Typhoon Khanun made landfall in South Korea on Thursday and was expected to traverse the Korean Peninsula slowly over the next two days, bringing torrential rains and powerful winds to a region already experiencing an unusually wet and deadly storm season.

As preparation for the typhoon, more than a hundred flights were canceled, schools in several cities switched to remote learning, ships were returned to ports, more than 10,000 people evacuated their homes and officials warned residents of the danger of landslides and floods nationwide.

“The typhoon’s slow movement is expected to cause a lot of damage,” President Yoon Suk Yeol said on Wednesday night.

The typhoon made landfall on Geoje Island, off the southeast coast, on Thursday at 9:20 a.m. local time, according to the Korea Meteorological Administration. Forecasts show that the eye of the storm is likely to pass over the greater Seoul area, home to more than half of the country’s population, on Thursday night, before barreling into North Korea.

South Korean meteorologists said that Khanun was advancing north-northwest at about 14 miles per hour on Thursday. Because of its relatively slow pace, rain clouds have lingered, resulting in substantial precipitation. Parts of South Korea were expected to record about 20 inches of rain on Thursday.

Khanun had maximum sustained winds of 63 m.p.h., with gusts of 81 m.p.h., in South Korea on Thursday morning, the United States military’s Joint Typhoon Warning Center in Hawaii said. On the five-category wind scale that U.S. meteorologists use to measure hurricanes, Khanun would count as a tropical storm. Its winds are expected to weaken gradually as it traverses land.

South Korea has already been battered by an unusually harsh monsoon season. Last month, at least 47 people were killed, and 35 others were injured by nearly three weeks of some of the heaviest monsoon rains in years. Fourteen of the dead had been trapped in a flooded highway underpass.

Other East Asian countries have also had a deadly wet season. In Japan, at least six people died in Kyushu after the island was hit by what officials called “the heaviest rain ever experienced” in the region.

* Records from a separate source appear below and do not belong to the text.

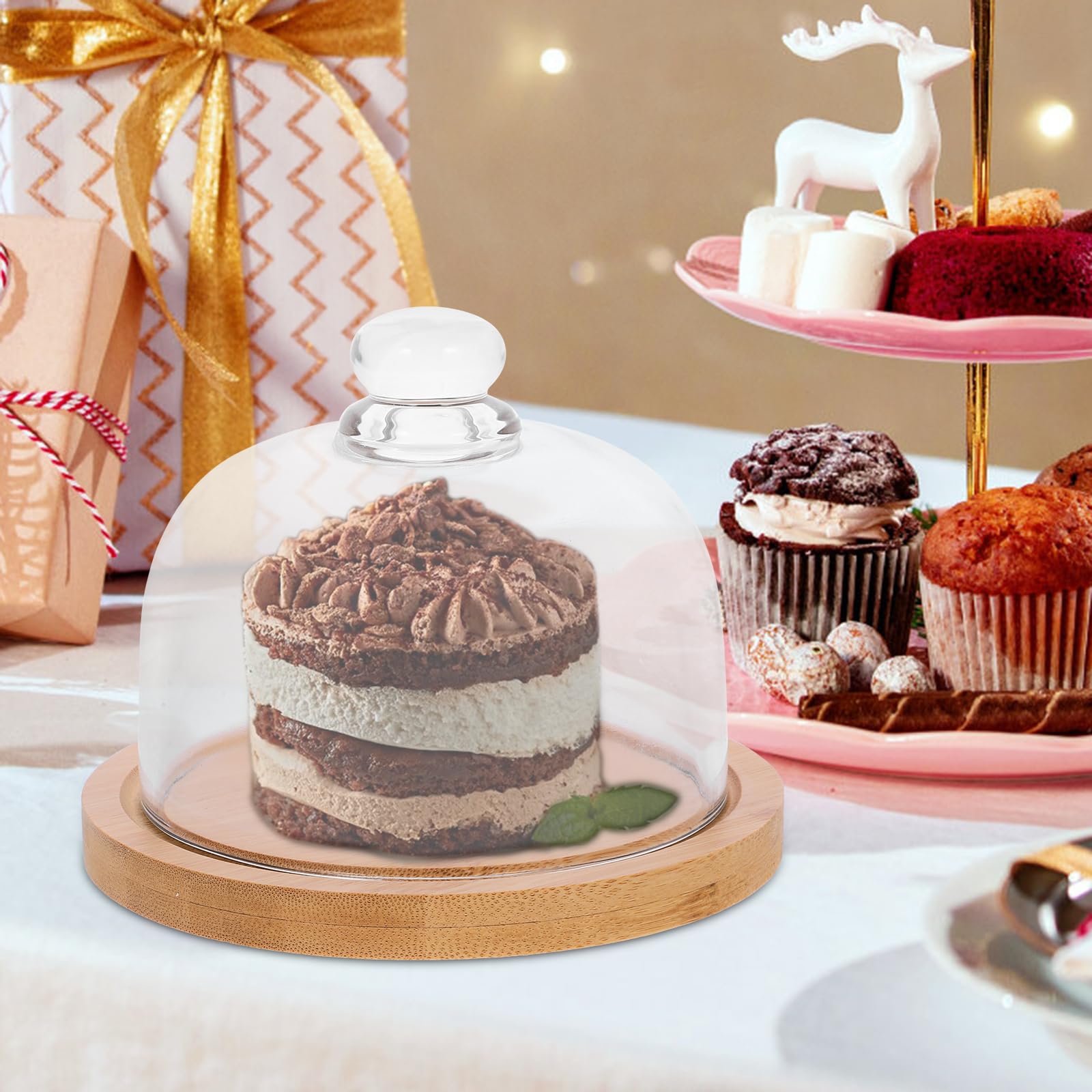 Cabilock 6.5 Inch Wooden Cake Stand with Glass Dome - Round Clear Cloche Dome Cake Plate for Dessert Display - Perfect for Cakes, Pastries, Cheese & Party Food Serving at Weddings, Tea Parties and Bakery Displays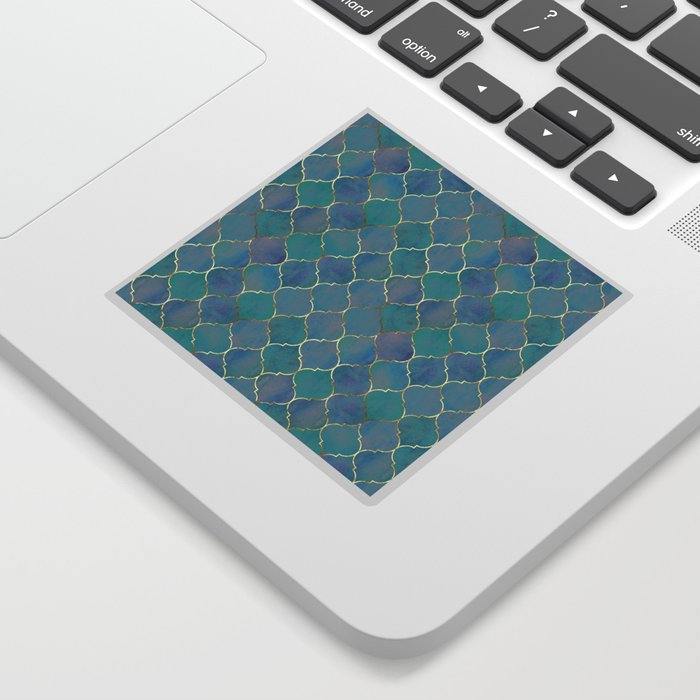 Teal Purple Gold Quatrefoil Moroccan Pattern II Sticker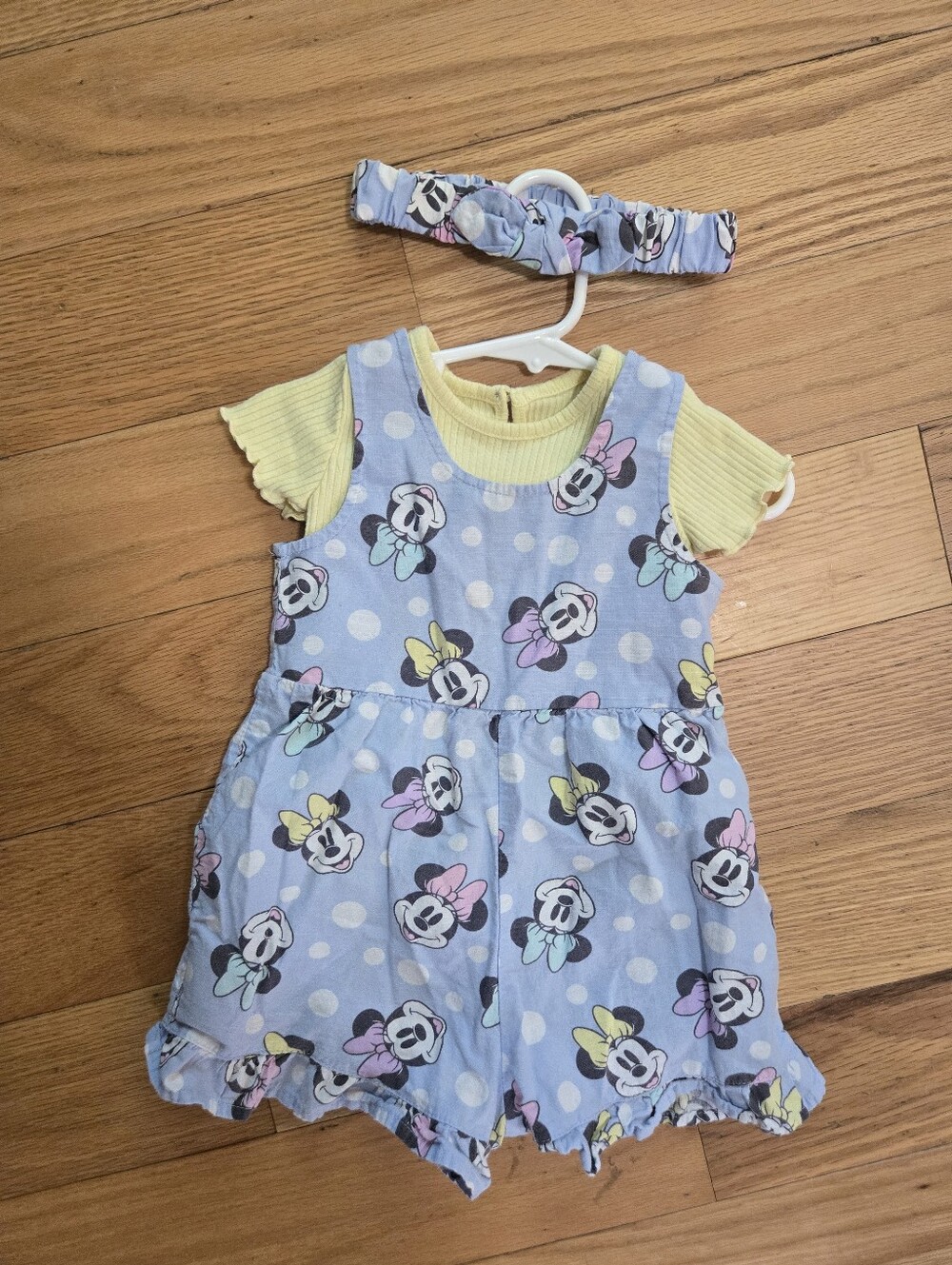 Disney Baby Minnie Mouse 3 Piece Romper Outfit Headband Set 18M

An earlier typhoon, Doksuri, left at least 33 people dead in Beijing last week.

Last week, Khanun left at least two people dead, 100 others injured and thousands of households without power in Okinawa, Japan, the country’s southernmost prefecture. At the time, the storm was moving northwest toward China, but over the weekend it charted a zigzag path over Japan’s southern islands, until it doglegged north on Tuesday.

As the typhoon approached Japan and South Korea, both countries issued landslide and flood warnings and evacuation orders to residents. In South Korea, tens of thousands of teenagers who had gathered for the 25th World Scout Jamboree, and who had already been dealing with a brutal heat wave, finished evacuating their campsite on Wednesday.

On Wednesday, the storm skirted past Kyushu, the southernmost of Japan’s main islands, with its clouds covering the entire island. More than a hundred flights to and from the island and parts of a high-speed railway network there were suspended. The storm also left 18,000 households without power.